:: Activity ::
Retype the records below from their first line through the line containing "Original Private Mold", and include nothing else.
+ + +
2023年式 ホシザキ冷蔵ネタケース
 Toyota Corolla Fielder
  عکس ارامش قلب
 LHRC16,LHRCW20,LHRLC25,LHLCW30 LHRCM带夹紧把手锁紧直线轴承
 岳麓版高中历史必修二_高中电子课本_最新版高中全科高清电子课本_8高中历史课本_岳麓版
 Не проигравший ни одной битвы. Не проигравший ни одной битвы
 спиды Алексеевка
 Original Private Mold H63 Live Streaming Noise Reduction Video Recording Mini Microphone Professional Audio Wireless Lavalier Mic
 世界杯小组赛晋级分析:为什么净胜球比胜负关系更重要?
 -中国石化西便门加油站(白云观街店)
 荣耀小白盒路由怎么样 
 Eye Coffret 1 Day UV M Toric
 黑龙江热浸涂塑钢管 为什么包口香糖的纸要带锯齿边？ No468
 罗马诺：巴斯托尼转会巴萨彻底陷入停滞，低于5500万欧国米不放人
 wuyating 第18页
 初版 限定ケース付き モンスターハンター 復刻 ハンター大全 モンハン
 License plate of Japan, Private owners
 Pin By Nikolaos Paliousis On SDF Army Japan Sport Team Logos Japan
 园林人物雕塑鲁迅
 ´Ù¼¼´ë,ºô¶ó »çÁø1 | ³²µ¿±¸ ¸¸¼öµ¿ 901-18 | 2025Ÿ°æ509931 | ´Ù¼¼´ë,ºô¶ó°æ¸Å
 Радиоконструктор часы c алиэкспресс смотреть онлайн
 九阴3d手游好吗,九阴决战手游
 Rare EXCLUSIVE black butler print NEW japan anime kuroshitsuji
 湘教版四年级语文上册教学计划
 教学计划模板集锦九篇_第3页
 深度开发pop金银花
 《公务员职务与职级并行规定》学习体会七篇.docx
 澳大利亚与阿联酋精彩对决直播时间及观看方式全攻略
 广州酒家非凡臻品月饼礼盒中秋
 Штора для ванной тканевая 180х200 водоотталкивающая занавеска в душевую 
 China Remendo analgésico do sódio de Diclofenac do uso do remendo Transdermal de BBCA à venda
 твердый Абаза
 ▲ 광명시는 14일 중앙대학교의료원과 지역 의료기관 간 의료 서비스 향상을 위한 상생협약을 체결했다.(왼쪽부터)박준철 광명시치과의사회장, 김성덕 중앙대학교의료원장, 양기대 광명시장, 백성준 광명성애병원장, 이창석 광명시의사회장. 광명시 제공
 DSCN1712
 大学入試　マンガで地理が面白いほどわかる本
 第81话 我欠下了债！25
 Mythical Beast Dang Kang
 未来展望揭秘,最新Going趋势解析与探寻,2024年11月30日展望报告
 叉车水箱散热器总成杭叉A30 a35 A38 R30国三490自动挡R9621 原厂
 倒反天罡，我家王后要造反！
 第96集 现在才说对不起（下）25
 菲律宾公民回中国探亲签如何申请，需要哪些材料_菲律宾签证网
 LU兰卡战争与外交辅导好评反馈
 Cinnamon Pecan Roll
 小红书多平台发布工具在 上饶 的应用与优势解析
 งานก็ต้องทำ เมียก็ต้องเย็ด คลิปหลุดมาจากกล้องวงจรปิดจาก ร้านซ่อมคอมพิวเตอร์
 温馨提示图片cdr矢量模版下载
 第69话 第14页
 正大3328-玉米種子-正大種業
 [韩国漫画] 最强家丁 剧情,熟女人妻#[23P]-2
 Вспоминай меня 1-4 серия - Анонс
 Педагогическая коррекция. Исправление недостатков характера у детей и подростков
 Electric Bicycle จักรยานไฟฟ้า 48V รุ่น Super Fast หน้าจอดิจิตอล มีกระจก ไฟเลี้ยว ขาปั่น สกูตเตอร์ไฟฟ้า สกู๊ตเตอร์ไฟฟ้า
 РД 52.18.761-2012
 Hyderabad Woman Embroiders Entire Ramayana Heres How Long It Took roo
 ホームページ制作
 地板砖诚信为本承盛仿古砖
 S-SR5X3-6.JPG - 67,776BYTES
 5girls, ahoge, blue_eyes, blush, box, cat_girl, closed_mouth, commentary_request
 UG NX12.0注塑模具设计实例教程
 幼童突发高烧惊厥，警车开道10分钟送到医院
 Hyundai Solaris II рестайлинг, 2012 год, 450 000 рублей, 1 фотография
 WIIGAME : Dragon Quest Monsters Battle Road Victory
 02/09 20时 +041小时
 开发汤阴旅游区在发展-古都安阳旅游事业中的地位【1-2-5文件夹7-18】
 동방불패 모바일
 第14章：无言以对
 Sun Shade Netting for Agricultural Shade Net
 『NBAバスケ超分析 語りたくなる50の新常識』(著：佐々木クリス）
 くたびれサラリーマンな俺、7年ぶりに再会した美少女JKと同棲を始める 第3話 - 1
+ + +
:: Result of the exercise ::
2023年式 ホシザキ冷蔵ネタケース
 Toyota Corolla Fielder
  عکس ارامش قلب
 LHRC16,LHRCW20,LHRLC25,LHLCW30 LHRCM带夹紧把手锁紧直线轴承
 岳麓版高中历史必修二_高中电子课本_最新版高中全科高清电子课本_8高中历史课本_岳麓版
 Не проигравший ни одной битвы. Не проигравший ни одной битвы
 спиды Алексеевка
 Original Private Mold H63 Live Streaming Noise Reduction Video Recording Mini Microphone Professional Audio Wireless Lavalier Mic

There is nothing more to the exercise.